> **Exercise prompt**: Every line of the material below needs to be copied exactly; omit the pictures.

> **Data provided**:
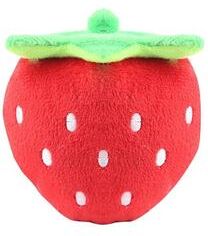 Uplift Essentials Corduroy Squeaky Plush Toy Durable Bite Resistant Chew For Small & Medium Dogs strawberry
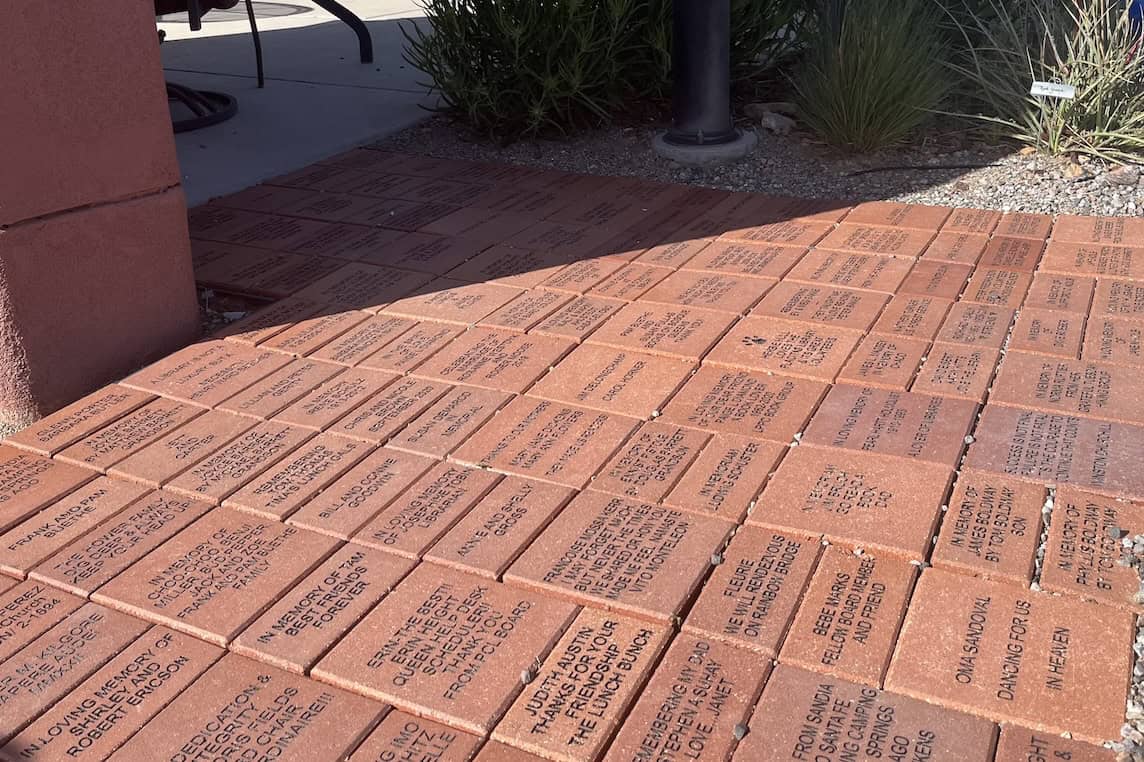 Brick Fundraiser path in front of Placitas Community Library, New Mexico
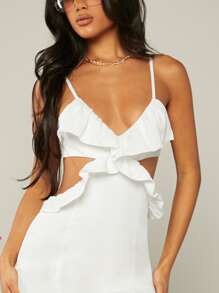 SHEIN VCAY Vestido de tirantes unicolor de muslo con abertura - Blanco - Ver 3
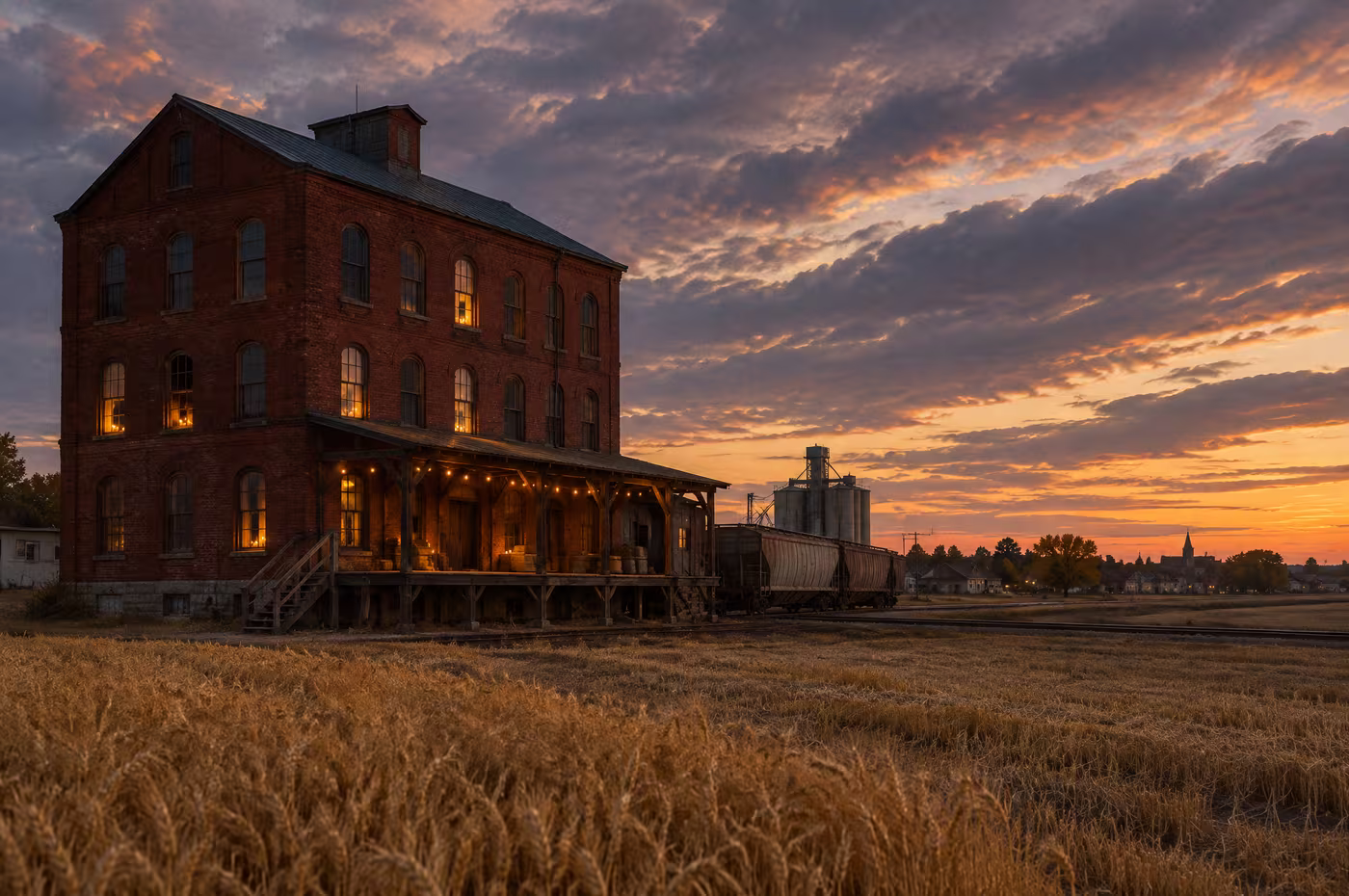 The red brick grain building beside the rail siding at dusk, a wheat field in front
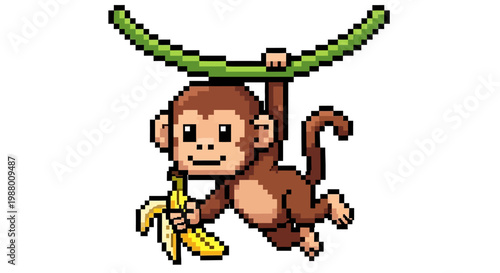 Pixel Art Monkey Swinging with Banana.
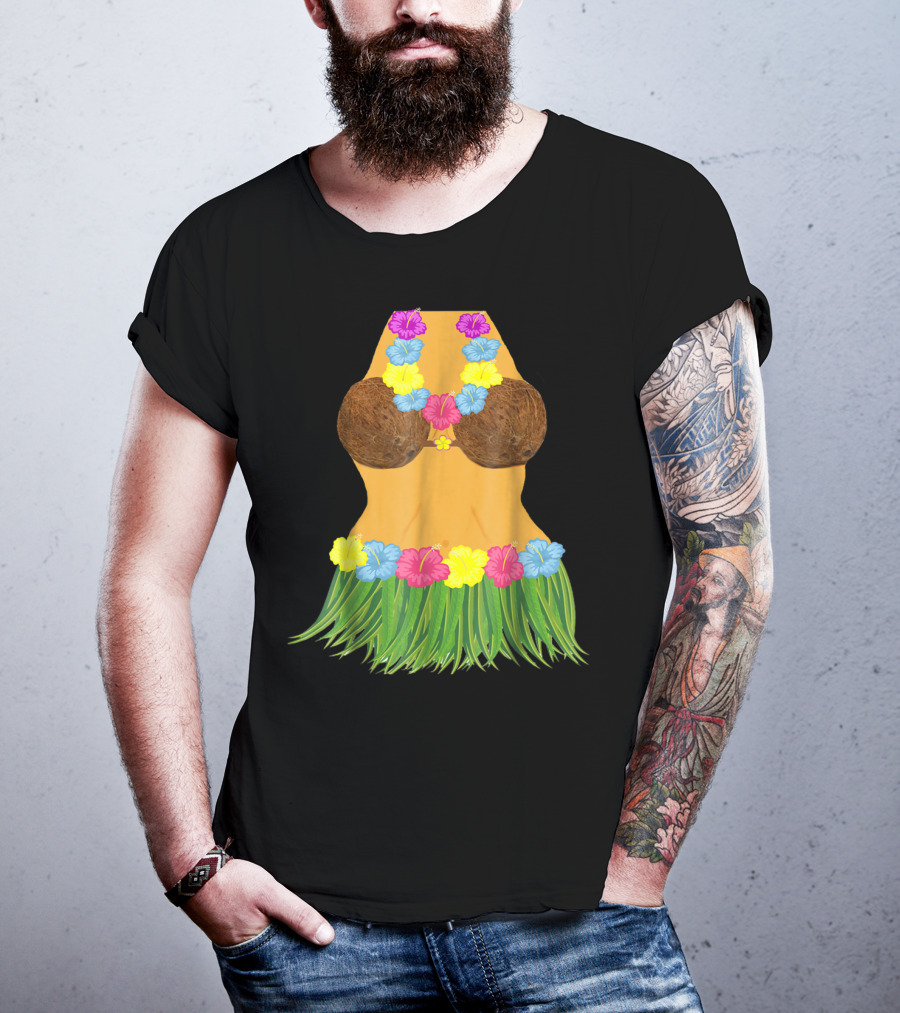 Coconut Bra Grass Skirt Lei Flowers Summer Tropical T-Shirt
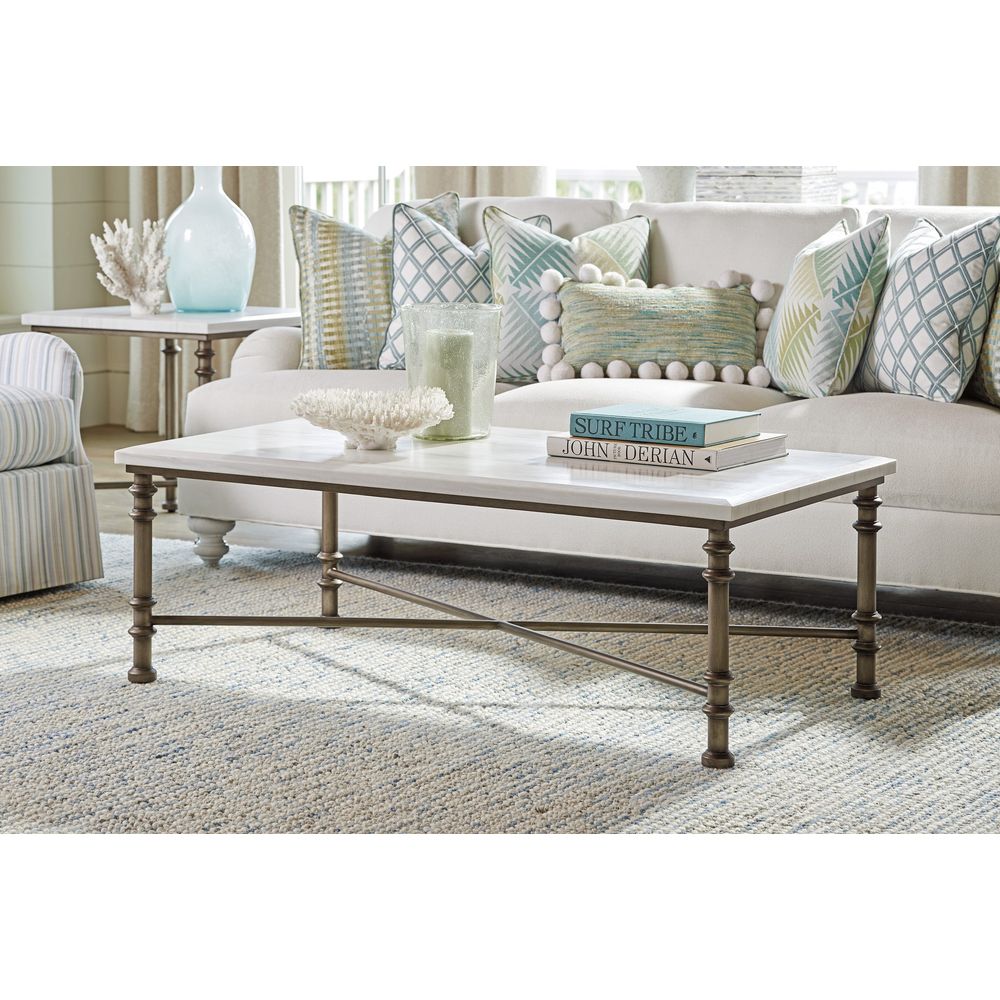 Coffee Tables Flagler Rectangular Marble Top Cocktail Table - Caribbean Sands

> **Result for this task**:
 Uplift Essentials Corduroy Squeaky Plush Toy Durable Bite Resistant Chew For Small & Medium Dogs strawberry
 Brick Fundraiser path in front of Placitas Community Library, New Mexico
 SHEIN VCAY Vestido de tirantes unicolor de muslo con abertura - Blanco - Ver 3
 The red brick grain building beside the rail siding at dusk, a wheat field in front
 Pixel Art Monkey Swinging with Banana.
 Coconut Bra Grass Skirt Lei Flowers Summer Tropical T-Shirt
 Coffee Tables Flagler Rectangular Marble Top Cocktail Table - Caribbean Sands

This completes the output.